Some of us educators are old enough to remember using a technological succession of blackboards and chalk, overhead projectors with pens, whiteboards with dry-erase pens, and now presentation software (Keynote, PowerPoint, and so on) for imparting lessons. So it gives me great comfort to know that, with a generation of students who have never known a world without computers with a concomitantly reduced connection to the outdoors, we can still switch back to using the ground beneath our feet, our eyes, hands, and imaginations to teach and learn about the life traces around us.

Further Reading

Bingham, J. 2005. Aboriginal Art and Culture. Raintree, Chicago, Illinois: 57 p.

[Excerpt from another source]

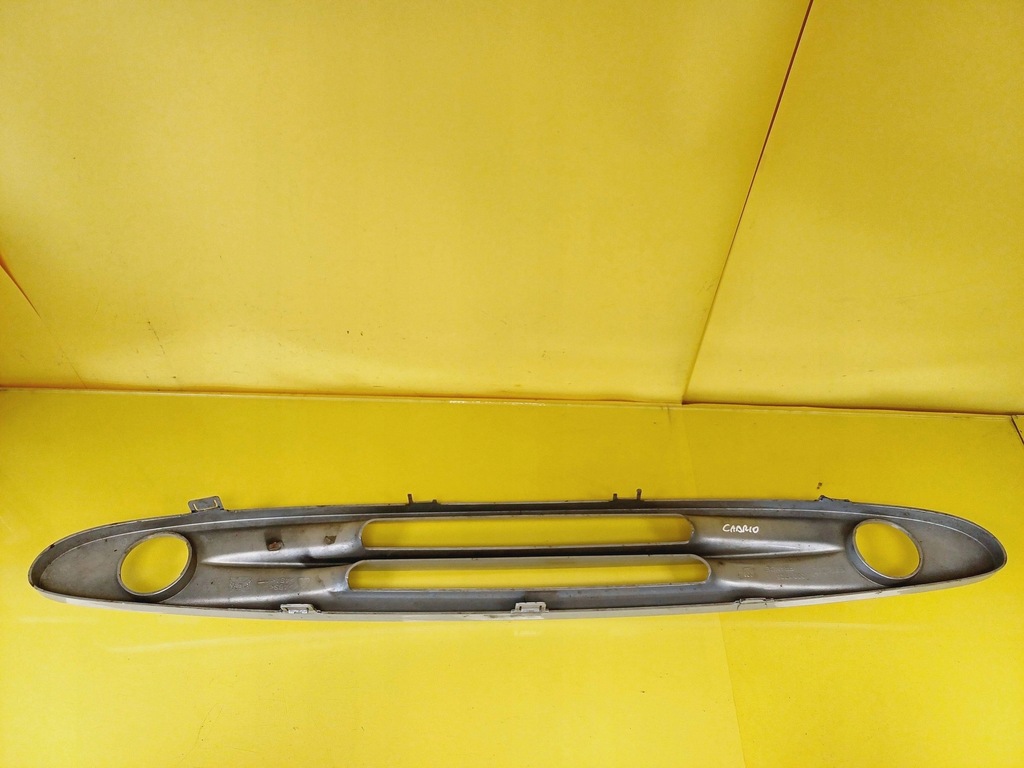 фото №6, Решётка радиатора решётка радиатора smart fortwo lift cabrio 03-07 0001726 nr44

Hoyt, J.H., and Hails, J.R. 1967. Pleistocene shoreline sediments in coastal Georgia: deposition and modification. Science, 155: 1541-1543.

Hoyt, J.H., Weimer, R.J., and Henry, V.J., Jr. 1964. Late Pleistocene and recent sedimentation on the central Georgia coast, U.S.A. In van Straaten, L.M.J.U. (editor), Deltaic and Shallow Marine Deposits, Developments in Sedimentology I. Elsevier, Amsterdam: 170-176.

Louv, R. 2005. Last Child in the Woods: Saving Our Children from Nature-Deficit Disorder. Algonquin Books, Chapel Hill, North Carolina: 390 p.

Middleton, G.V. 1973. Johannes Walther’s Law of the Correlation of Facies. GSA Bulletin, 84: 979-988.

Weimer, R.J., and Hoyt, J.H. 1964. Burrows of Callianassa major Say, geologic indicators of littoral and shallow neritic environments. Journal of Paleontology, 38: 761-767.